Au sein de ce complexe, les cuisiniers rivalisaient en créations destinées au souverain, en s’inspirant de toutes les recettes régionales de l’Empire, ce qui explique la diversité et la richesse de la cuisine turque actuelle. L’un des légumes phares de l’art culinaire ottoman fut sans conteste l’aubergine.
Cependant, étant très appréciée durant les mois d’été où elle était consommée frite ou grillée sur un brasero, elle fut à l’origine, à l’époque où les maisons étaient en bois, d’une multitude d’incendies surnommés « les incendies d’aubergine », au point que les journaux mettaient en garde les ménagères contre les oublis de friture.
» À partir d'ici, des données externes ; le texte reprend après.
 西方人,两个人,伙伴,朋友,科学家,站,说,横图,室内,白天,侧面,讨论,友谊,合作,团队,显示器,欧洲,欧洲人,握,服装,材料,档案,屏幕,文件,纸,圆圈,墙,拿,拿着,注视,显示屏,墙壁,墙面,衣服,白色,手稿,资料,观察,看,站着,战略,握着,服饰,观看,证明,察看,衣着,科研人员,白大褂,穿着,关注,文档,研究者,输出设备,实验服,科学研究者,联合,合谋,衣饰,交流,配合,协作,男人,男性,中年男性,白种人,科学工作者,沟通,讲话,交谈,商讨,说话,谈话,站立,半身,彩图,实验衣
Un célèbre dicton déclare d’ailleurs, « Quand arrive la saison des aubergines, les fous et les incendies se multiplient à Istanbul », des croyances populaires alors répandues dans toute l’Europe prétendant que ce légume rendait fou. Cela n’a cependant pas empêché l’aubergine de figurer parmi un grand nombre de plats emblématiques de la Turquie et d’être à l’origine d’une multitude d’anecdotes voire de légendes.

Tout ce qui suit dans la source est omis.